Customer’s fury at size of Grill’d sweet potato fries snack serving


Aussies have expressed their fury at the number of chips included in a portion at Grill’d, taking to social media to declare it a “rip-off”.

Posting on Reddit, a customer shared a photo of roughly 14 sweet potato chips – what seemingly equates to the burger chain’s snack-sized serving – alongside the caption: “This is what $5.90 worth of sweet potato fries looks like from Grilled (sic) right now.”

“Is it me or is every business everywhere on the take right now?” they added.

News.com.au has contacted Grill’d for comment.

The post garnered plenty of attention on the platform, with fellow Reddit users accusing Grill’d of “taking the p*ss”.

“That’s $0.42 per chip,” one pointed out.

While another wrote: “Burgers got smaller again, too.”

A third person, however, had a somewhat more considered take.

“I feel like we’re at the point now that we know we’re getting less for our money and we all have to decide, for example, am I going to pay $5.90 for sweet potato fries from Grilled (sic)?” they commented.

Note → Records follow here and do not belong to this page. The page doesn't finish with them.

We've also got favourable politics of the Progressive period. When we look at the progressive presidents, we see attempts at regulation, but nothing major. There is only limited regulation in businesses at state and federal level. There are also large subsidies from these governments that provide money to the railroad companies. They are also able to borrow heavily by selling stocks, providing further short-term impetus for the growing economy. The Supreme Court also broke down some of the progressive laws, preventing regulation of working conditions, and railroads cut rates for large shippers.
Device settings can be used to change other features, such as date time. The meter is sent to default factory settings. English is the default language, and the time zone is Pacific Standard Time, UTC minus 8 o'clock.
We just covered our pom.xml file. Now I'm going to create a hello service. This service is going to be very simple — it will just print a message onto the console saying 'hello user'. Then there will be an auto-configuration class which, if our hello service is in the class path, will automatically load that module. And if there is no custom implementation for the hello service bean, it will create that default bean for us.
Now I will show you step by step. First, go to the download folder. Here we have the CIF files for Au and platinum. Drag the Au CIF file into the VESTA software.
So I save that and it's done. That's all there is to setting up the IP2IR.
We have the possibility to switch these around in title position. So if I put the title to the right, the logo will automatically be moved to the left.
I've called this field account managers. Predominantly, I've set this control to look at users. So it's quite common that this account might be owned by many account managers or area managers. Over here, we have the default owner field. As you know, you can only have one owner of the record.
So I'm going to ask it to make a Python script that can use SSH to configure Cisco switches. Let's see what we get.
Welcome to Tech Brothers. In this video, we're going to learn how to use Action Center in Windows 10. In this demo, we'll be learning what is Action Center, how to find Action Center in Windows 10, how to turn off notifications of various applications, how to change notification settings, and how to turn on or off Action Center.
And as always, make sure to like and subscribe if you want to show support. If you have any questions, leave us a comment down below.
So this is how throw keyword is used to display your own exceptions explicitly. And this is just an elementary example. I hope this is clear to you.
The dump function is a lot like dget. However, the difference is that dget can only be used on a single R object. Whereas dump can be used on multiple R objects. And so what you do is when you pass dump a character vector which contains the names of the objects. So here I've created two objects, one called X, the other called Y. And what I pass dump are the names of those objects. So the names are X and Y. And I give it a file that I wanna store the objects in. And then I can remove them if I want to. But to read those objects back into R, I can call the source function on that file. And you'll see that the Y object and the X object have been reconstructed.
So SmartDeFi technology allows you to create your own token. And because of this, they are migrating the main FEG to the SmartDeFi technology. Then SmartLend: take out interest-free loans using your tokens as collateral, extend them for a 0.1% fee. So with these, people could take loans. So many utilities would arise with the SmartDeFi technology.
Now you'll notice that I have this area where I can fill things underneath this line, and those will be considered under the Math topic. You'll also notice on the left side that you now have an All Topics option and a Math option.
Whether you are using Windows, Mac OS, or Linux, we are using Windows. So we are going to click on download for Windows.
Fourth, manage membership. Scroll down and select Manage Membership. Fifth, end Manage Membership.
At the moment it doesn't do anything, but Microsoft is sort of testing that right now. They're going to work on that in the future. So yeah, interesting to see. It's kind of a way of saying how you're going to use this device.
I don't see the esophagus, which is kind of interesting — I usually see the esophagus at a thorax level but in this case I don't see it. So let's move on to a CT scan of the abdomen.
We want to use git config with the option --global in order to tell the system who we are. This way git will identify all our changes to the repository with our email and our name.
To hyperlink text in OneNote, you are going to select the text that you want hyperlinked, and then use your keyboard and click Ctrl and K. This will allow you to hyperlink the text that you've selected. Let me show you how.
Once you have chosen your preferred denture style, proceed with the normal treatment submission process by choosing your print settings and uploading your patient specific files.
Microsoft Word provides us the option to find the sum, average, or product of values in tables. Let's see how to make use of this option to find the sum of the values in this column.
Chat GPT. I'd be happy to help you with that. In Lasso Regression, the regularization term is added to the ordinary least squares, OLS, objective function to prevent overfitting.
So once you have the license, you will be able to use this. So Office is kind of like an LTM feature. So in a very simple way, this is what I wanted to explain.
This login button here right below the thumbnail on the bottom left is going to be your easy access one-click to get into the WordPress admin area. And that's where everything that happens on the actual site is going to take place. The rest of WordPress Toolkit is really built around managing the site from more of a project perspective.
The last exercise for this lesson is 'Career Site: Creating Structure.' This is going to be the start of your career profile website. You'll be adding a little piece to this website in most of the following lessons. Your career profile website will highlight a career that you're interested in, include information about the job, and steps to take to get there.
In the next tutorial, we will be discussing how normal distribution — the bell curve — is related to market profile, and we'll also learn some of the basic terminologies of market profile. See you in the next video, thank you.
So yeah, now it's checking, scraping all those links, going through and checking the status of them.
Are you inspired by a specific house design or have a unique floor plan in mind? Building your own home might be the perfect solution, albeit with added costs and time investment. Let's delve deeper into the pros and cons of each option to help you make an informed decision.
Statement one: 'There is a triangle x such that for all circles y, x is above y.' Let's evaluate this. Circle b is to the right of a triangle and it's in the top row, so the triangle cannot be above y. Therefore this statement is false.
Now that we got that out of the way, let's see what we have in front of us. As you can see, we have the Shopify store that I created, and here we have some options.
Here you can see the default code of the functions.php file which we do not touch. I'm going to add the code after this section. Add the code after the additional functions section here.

“And if you want to pay that price, the post shouldn’t be about the big bad vendor. It should be about the guy agreeing to pay that price. You know you have a choice, right? The vendor says this is the price, this is what you’re going to get for it. But what happens after that is on you.”

To which someone else replied: “If I’m going there for the first time, I do not know what their serving sizes are. However I do know their prices. For that amount of money I would expect more. Obviously fool me once shame on you, fool me twice shame on me.”

Grill’d co-founder and managing director Simon Crowe last year flagged that customers would face increased prices at the chain as a result of rising supply chain costs and inflationary pressures, noting he hadn’t seen this level of pricing pressures from all angles for over 10 years.

However, Mr Crowe told The Sydney Morning Herald in February he was confident Grill’d would scoop up price-conscious customers opting to reduce their discretionary spending, but still dine somewhere “aspirational and premium”.

“We obviously don’t want for people to be doing it tougher out there, but in an economic environment that becomes challenging,” he said at the time.

“We see people who decide to tighten their belts a little, migrate from premium casual dining to fresh or fast casual dining, exactly where our brand sits … We gain a net influx of guests coming to us from above because they still want quality and service, but they want more affordability, and we provide all of those.”